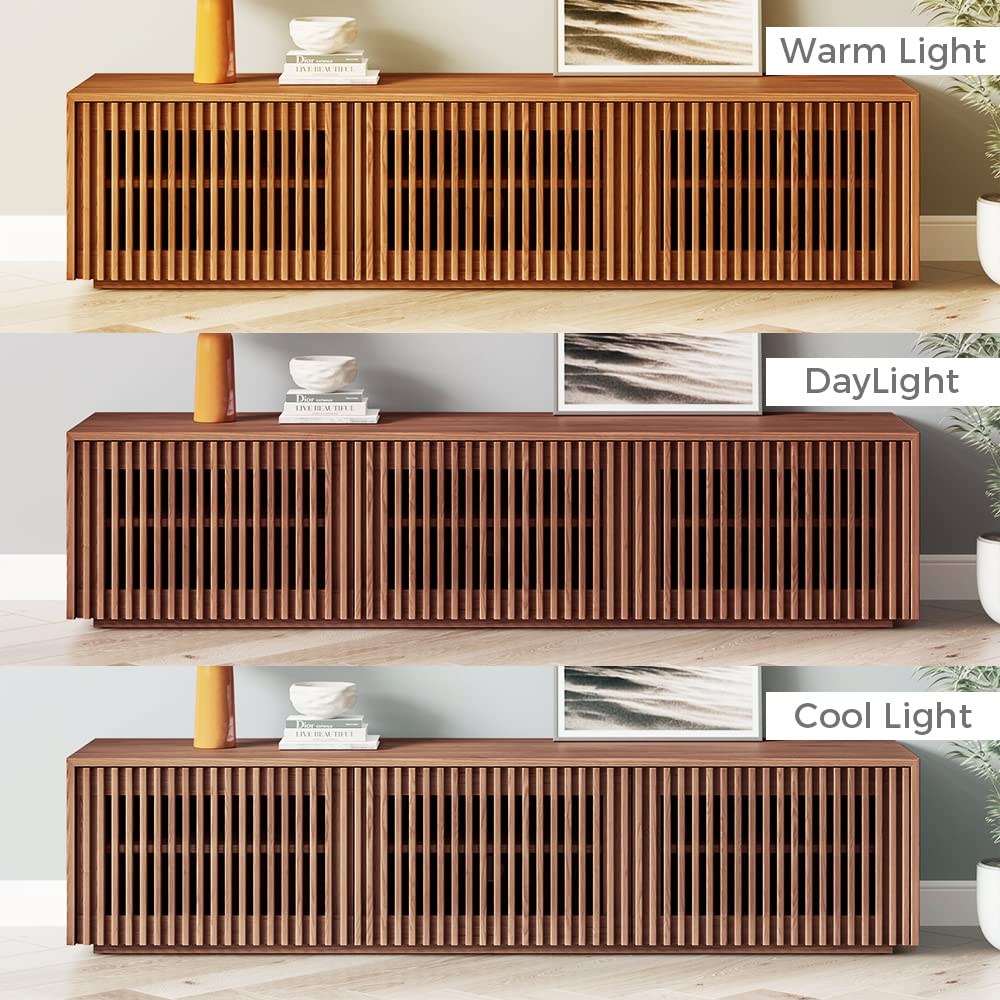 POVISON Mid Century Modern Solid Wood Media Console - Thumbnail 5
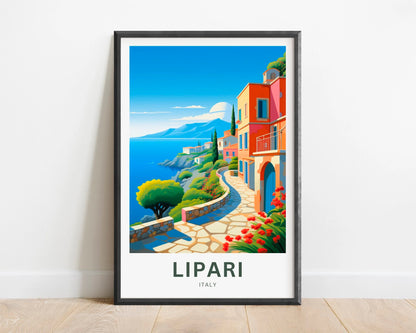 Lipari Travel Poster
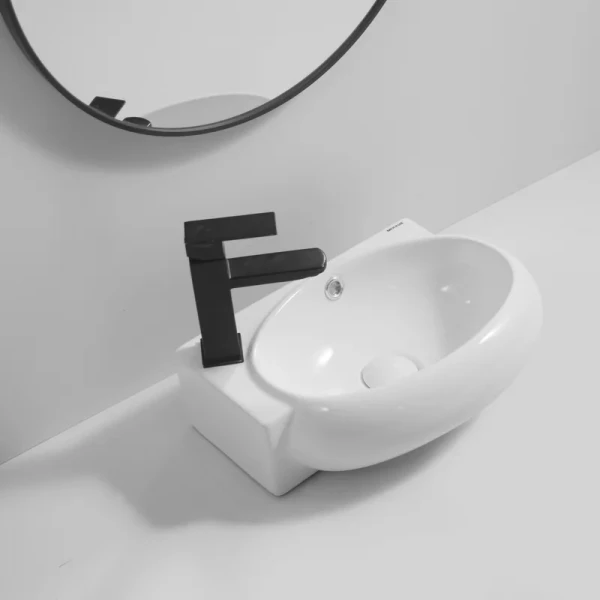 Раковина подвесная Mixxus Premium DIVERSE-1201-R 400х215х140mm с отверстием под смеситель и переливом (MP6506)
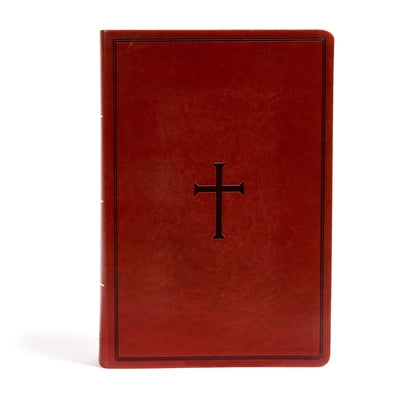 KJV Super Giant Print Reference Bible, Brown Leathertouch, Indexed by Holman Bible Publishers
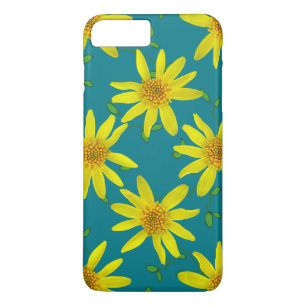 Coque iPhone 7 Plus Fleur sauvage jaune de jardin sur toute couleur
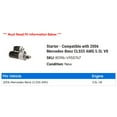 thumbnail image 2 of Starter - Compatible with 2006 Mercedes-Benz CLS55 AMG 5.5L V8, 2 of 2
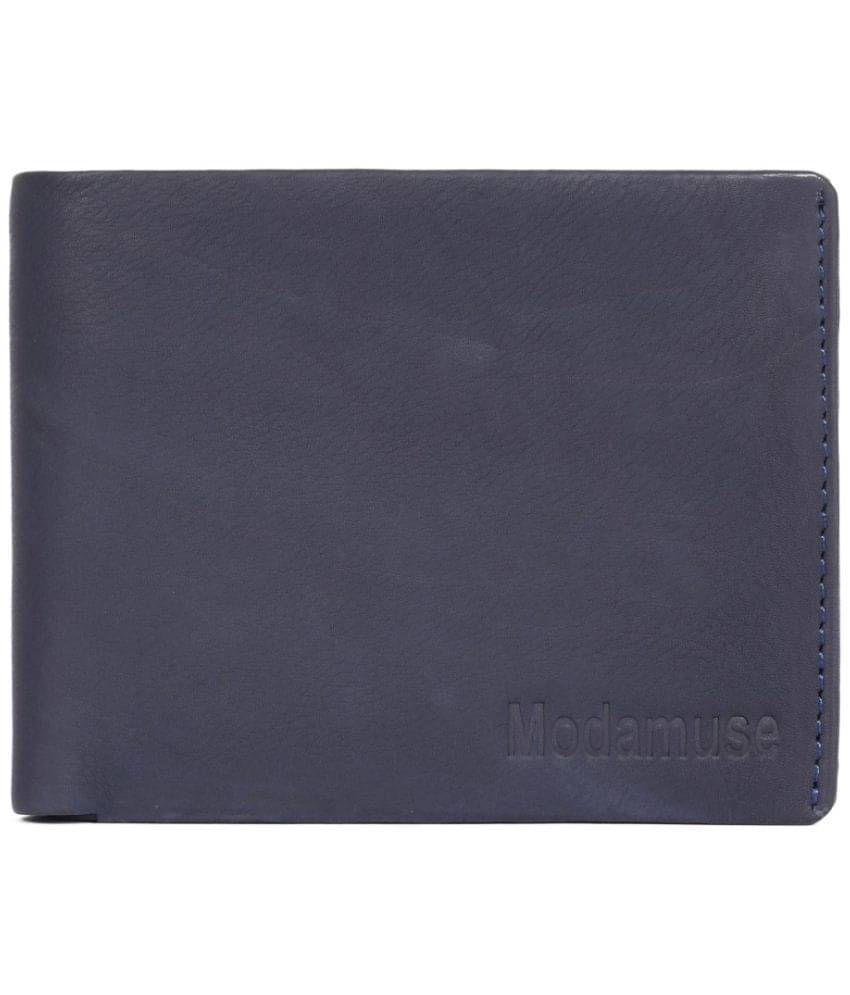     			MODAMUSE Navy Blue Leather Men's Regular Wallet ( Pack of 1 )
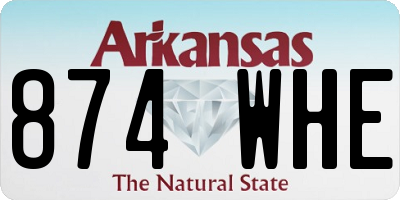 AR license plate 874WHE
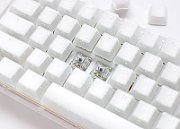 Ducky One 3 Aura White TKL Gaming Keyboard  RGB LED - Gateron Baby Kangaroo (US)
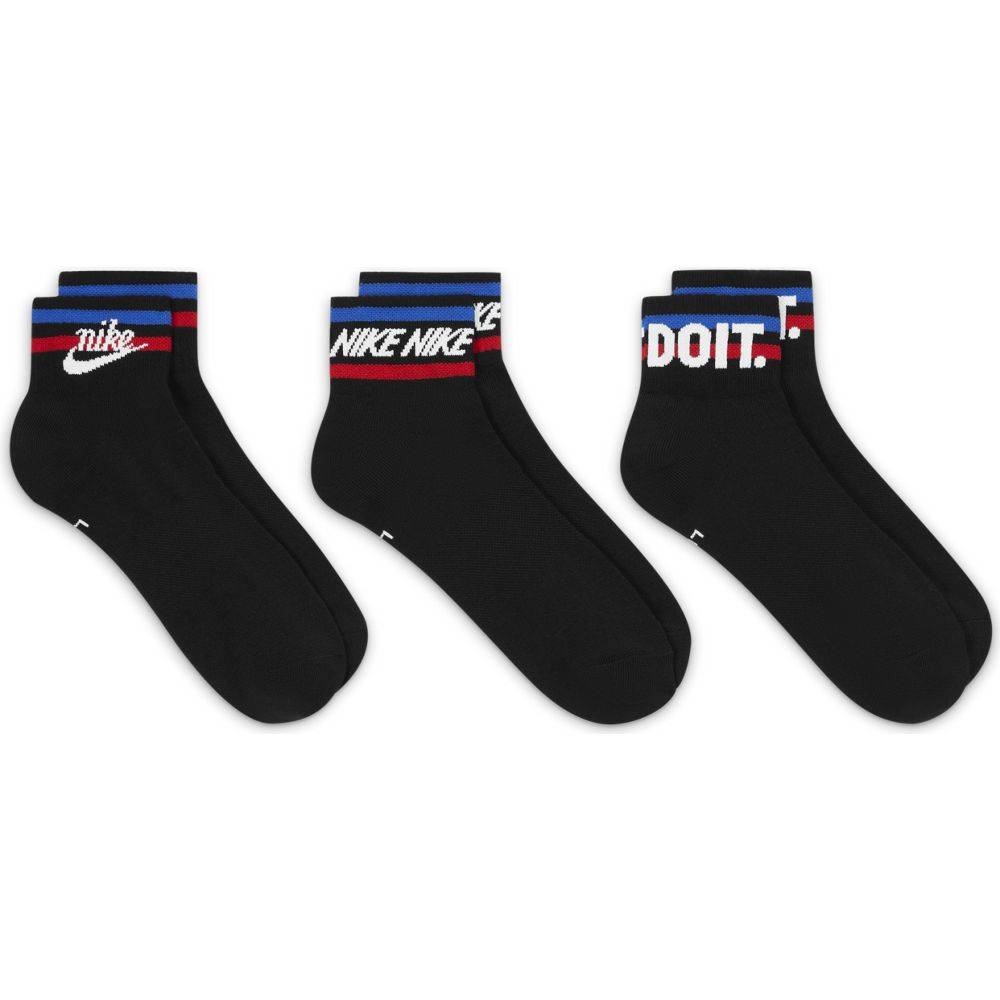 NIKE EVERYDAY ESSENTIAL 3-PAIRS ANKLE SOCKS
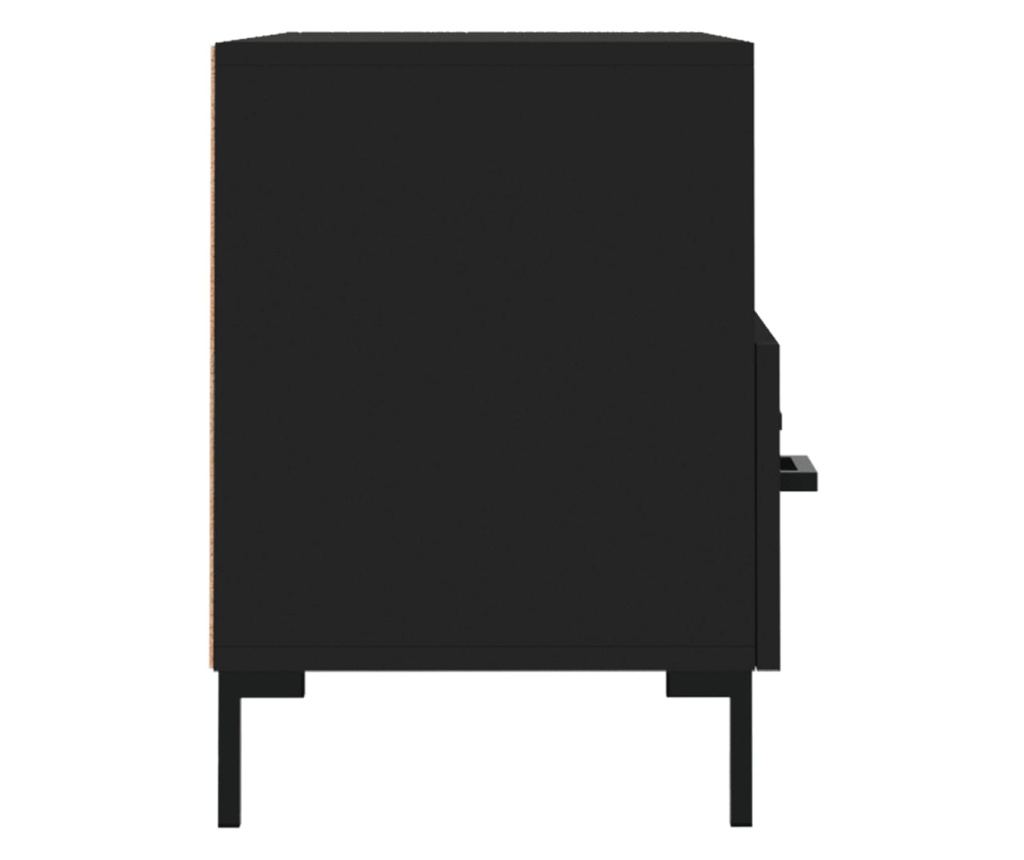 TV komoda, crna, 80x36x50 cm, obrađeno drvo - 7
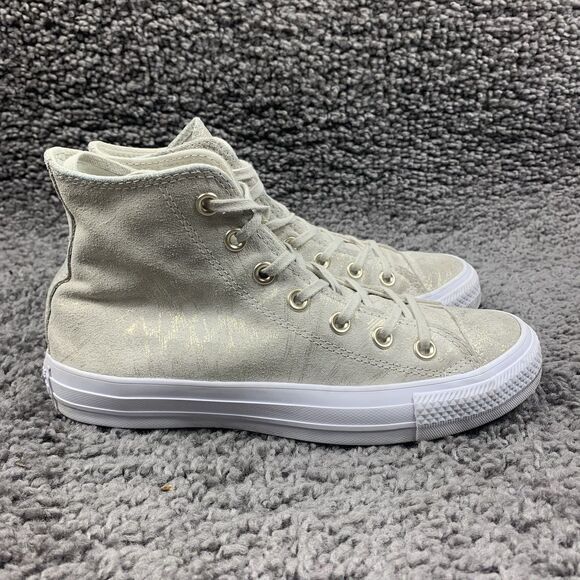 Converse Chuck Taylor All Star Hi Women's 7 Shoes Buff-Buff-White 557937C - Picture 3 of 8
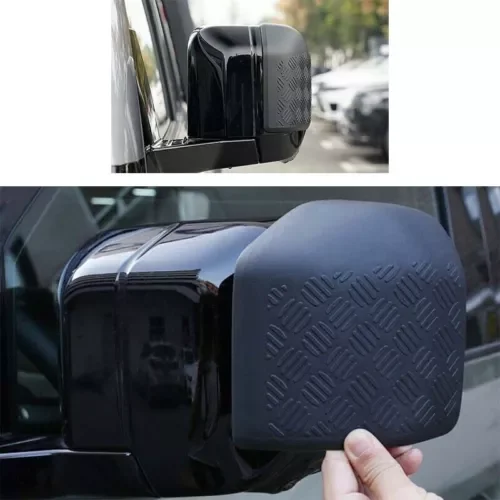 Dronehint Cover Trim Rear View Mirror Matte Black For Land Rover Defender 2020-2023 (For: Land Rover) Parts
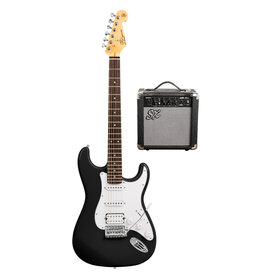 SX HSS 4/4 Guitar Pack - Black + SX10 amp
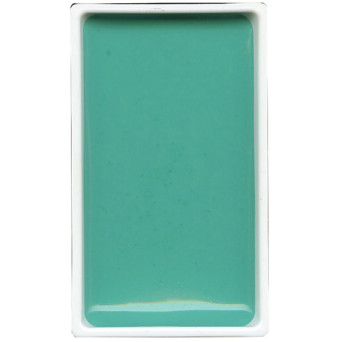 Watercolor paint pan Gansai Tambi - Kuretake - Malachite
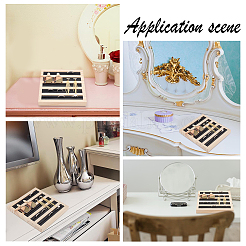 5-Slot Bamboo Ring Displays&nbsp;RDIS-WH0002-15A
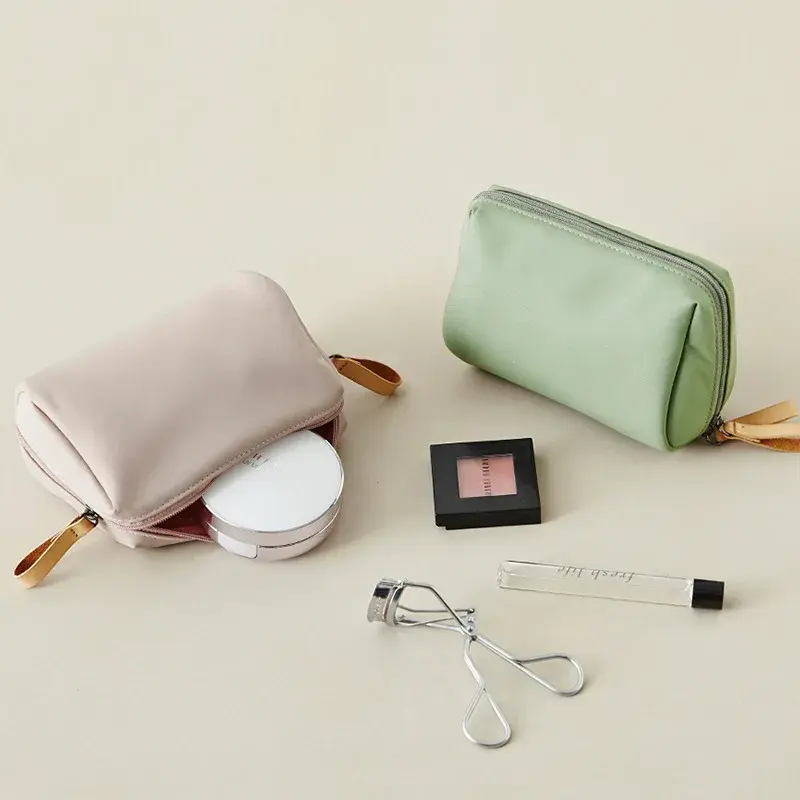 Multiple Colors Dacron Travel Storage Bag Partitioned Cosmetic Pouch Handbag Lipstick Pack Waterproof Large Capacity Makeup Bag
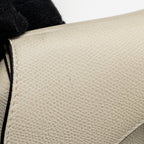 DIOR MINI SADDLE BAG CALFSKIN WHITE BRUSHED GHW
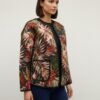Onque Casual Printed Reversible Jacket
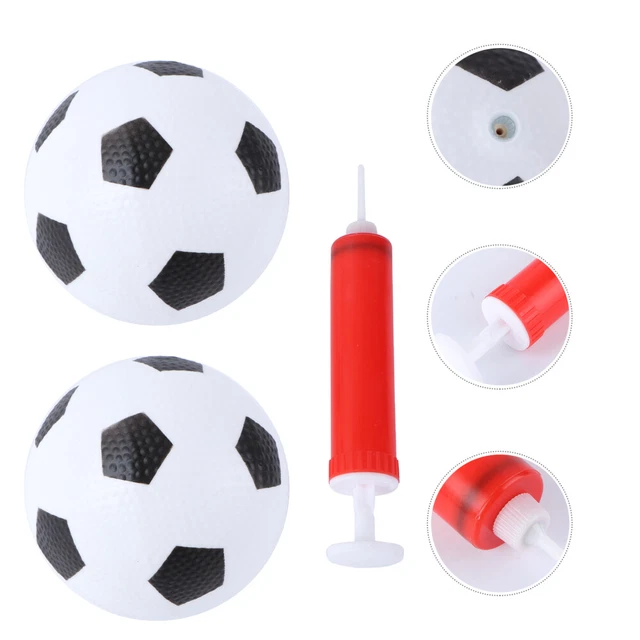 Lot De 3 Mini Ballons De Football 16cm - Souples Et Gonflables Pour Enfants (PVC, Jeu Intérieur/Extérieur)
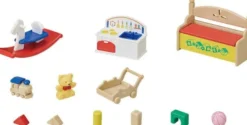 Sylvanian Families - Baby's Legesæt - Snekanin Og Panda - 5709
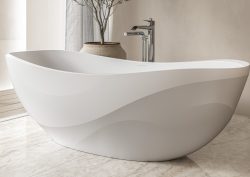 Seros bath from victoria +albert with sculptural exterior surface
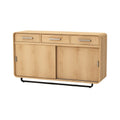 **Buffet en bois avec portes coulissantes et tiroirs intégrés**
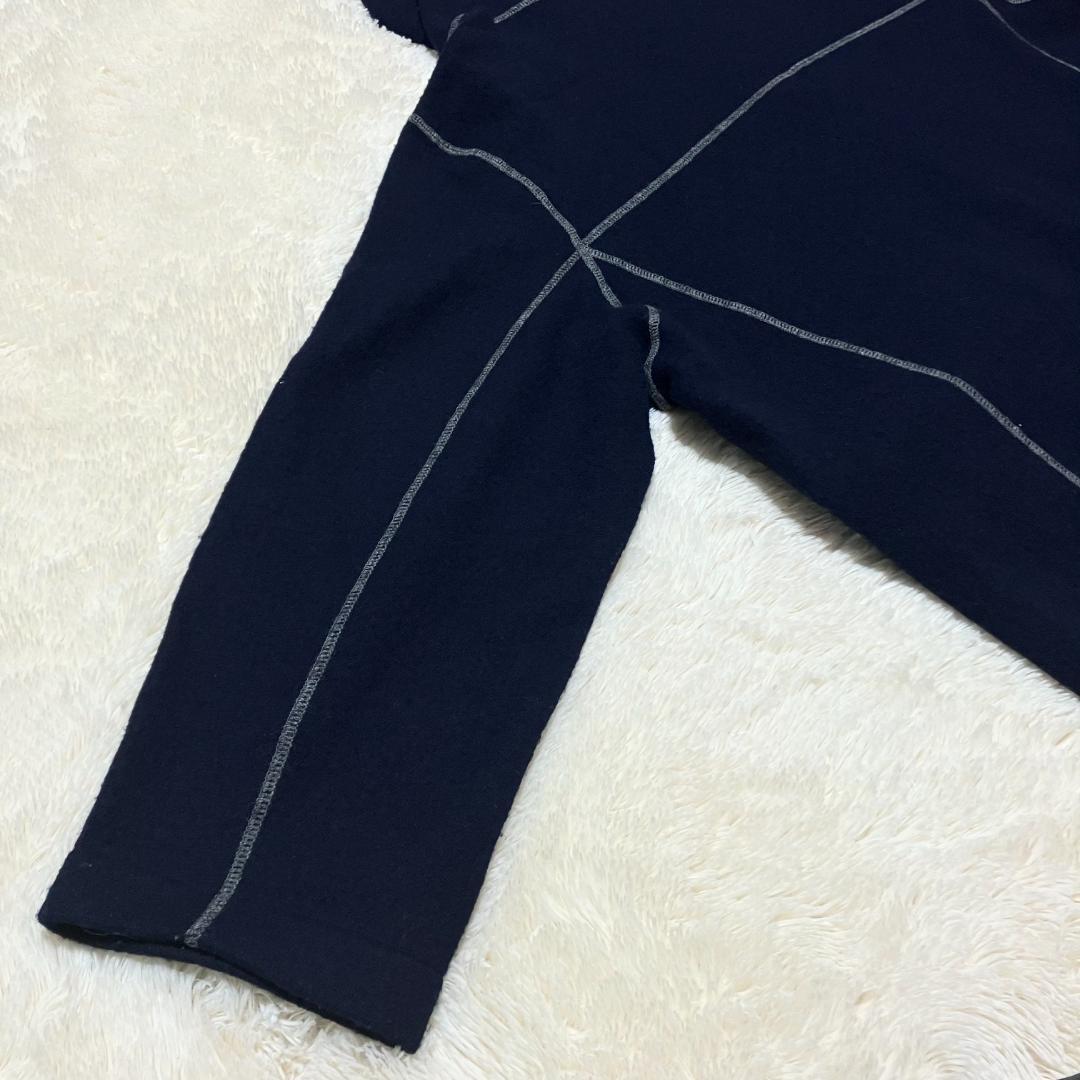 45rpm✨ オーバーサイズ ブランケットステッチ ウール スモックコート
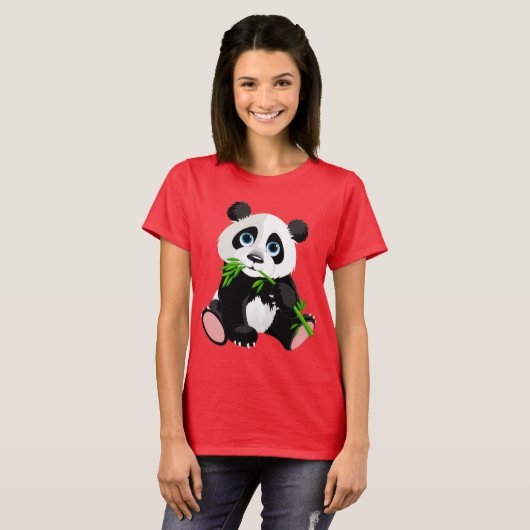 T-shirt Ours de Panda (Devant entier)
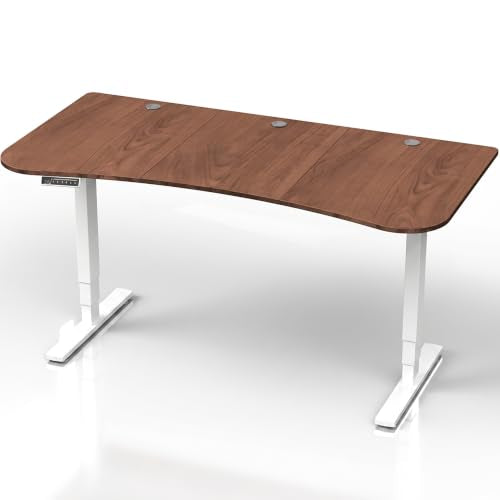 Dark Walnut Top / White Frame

===============

Exercise details →
All lines from the beginning of the material above through the line holding "45rpm✨ オーバーサイズ ブランケットステッチ ウール スモックコート" are to be given again exactly, and no others; pictures do not go in.

Response →
 POVISON Mid Century Modern Solid Wood Media Console - Thumbnail 5
 Lipari Travel Poster
 Раковина подвесная Mixxus Premium DIVERSE-1201-R 400х215х140mm с отверстием под смеситель и переливом (MP6506)
 KJV Super Giant Print Reference Bible, Brown Leathertouch, Indexed by Holman Bible Publishers
 Coque iPhone 7 Plus Fleur sauvage jaune de jardin sur toute couleur
 thumbnail image 2 of Starter - Compatible with 2006 Mercedes-Benz CLS55 AMG 5.5L V8, 2 of 2
     			MODAMUSE Navy Blue Leather Men's Regular Wallet ( Pack of 1 )
 AR license plate 874WHE
 Ducky One 3 Aura White TKL Gaming Keyboard  RGB LED - Gateron Baby Kangaroo (US)
 NIKE EVERYDAY ESSENTIAL 3-PAIRS ANKLE SOCKS
 TV komoda, crna, 80x36x50 cm, obrađeno drvo - 7
 Converse Chuck Taylor All Star Hi Women's 7 Shoes Buff-Buff-White 557937C - Picture 3 of 8
 Dronehint Cover Trim Rear View Mirror Matte Black For Land Rover Defender 2020-2023 (For: Land Rover) Parts
 SX HSS 4/4 Guitar Pack - Black + SX10 amp
 Watercolor paint pan Gansai Tambi - Kuretake - Malachite
 5-Slot Bamboo Ring Displays&nbsp;RDIS-WH0002-15A
 Multiple Colors Dacron Travel Storage Bag Partitioned Cosmetic Pouch Handbag Lipstick Pack Waterproof Large Capacity Makeup Bag
 DIOR MINI SADDLE BAG CALFSKIN WHITE BRUSHED GHW
Onque Casual Printed Reversible Jacket
 Lot De 3 Mini Ballons De Football 16cm - Souples Et Gonflables Pour Enfants (PVC, Jeu Intérieur/Extérieur)
 Sylvanian Families - Baby's Legesæt - Snekanin Og Panda - 5709
 Seros bath from victoria +albert with sculptural exterior surface
 **Buffet en bois avec portes coulissantes et tiroirs intégrés**
 45rpm✨ オーバーサイズ ブランケットステッチ ウール スモックコート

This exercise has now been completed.